**Provided information**
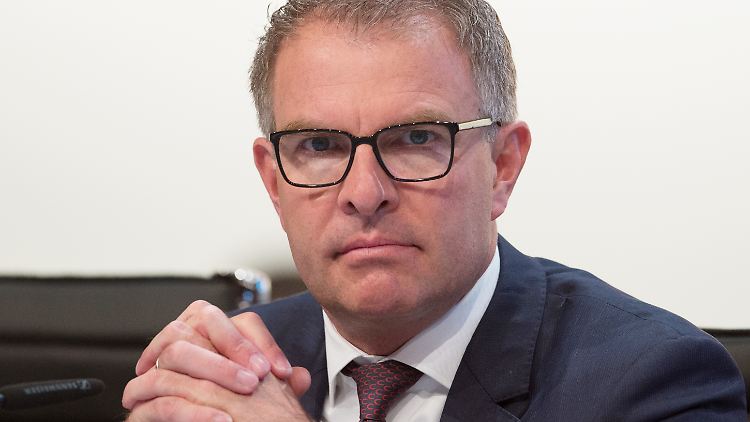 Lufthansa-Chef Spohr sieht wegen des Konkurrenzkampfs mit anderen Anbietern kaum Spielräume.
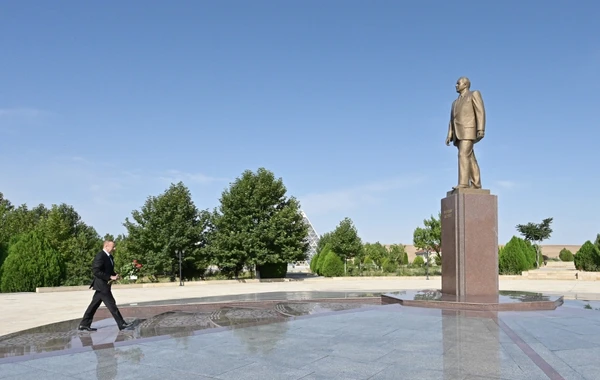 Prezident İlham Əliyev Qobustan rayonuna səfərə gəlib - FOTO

---

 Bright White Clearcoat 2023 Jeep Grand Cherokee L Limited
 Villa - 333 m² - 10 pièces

**Exercise instructions**
In the entries above, the lines between the one holding "Bright White Clearcoat" and the one holding "Villa - 333 m² - 10 pièces", inclusive, are to be printed exactly as written, and those alone.

**Solved problem**
 Bright White Clearcoat 2023 Jeep Grand Cherokee L Limited
 Villa - 333 m² - 10 pièces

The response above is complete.